Police searched a number of cars belonging to protesters in the early hours of yesterday as attempts were made to whisk away some of the Afghan, Iraqi and Iranian detainees hiding at a temporary tent-city protest site.
One group, which included up to eight escapees, was stopped at a nearby roadhouse.
Another group of six detainees and two protesters was arrested when their hire car got bogged on the outskirts of Woomera.
Police said 20 protesters had been arrested for helping detainees and would face charges of harbouring escapees, an offence which carries a maximum penalty of four years' jail.
Yesterday, several hundred protesters again massed outside Woomera's main gate, while a smaller group pushed through an external perimeter wire gate and walked about 200 metres inside before retreating. Four of the protesters were arrested.
Mr Ruddock warned that detainees who escaped from Woomera could face jail terms or other sanctions. Their actions could also affect their asylum claims.
"Australia is under no obligation to give protection to people who commit serious criminal offences," he said.
Mr Ruddock said most detainees at Woomera had either been rejected as asylum seekers and were awaiting deportation, or were waiting on the outcomes of various appeals.
Australian Federal Police were leading an investigation to decide what charges would be laid against detainees and protesters, Mr Ruddock said.
Detainees told The Sunday Age by phone last night that Friday night's confrontation within the centre had erupted after detainees escaped. At one stage, ACM sent two detainees to the Mike and November compounds to help calm the situation - but it made little difference.
"It was no use - the fighting detainees thought that if some could escape, they all could and they kept on fighting," a detainee said.
Since the riot, the atmosphere inside Woomera has been particularly tense, with constant searches of compounds for weapons and unauthorised mobile phones. Detainees said they were constantly being moved from compound to compound to thwart any further escape attempts.
Detainees said they had been warned that if they ventured near the security fences they would be beaten back. ``We have been told by ACM that the protesters will go home after Easter but we will not be going anywhere and we will have to live with the consequences," one said.
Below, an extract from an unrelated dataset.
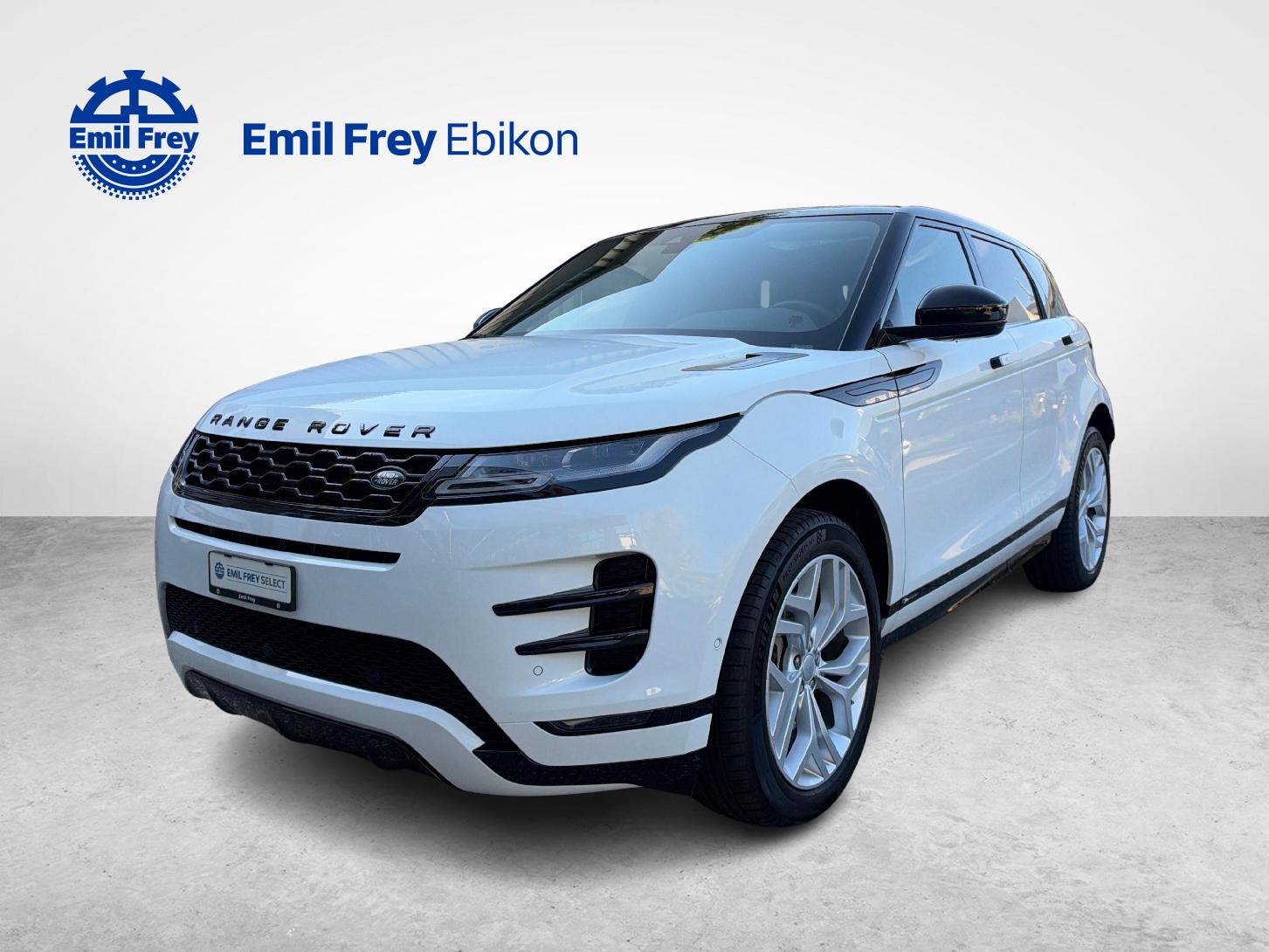 LAND ROVER Range Rover Evoque 2.0 T 250 R-Dynamic SE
South Australian police, who yesterday took control of policing at the protest site at the request of Australian Protective Service guards, described protesters' actions as "clearly dangerous and violent".
A spokeswoman for the group No-one is Illegal, Andrea Maksimovic, said while protest organisers had not expected detainees would break out, their choice to jump the barricades had to be respected.
She said many of the escapees told protesters they would rather die than go back inside Woomera
About 700 of a predicted 2000 protesters have converged on the isolated South Australian centre since Thursday for a four-day demonstration calling on the Federal Government to end its policy of mandatory detention of asylum seekers.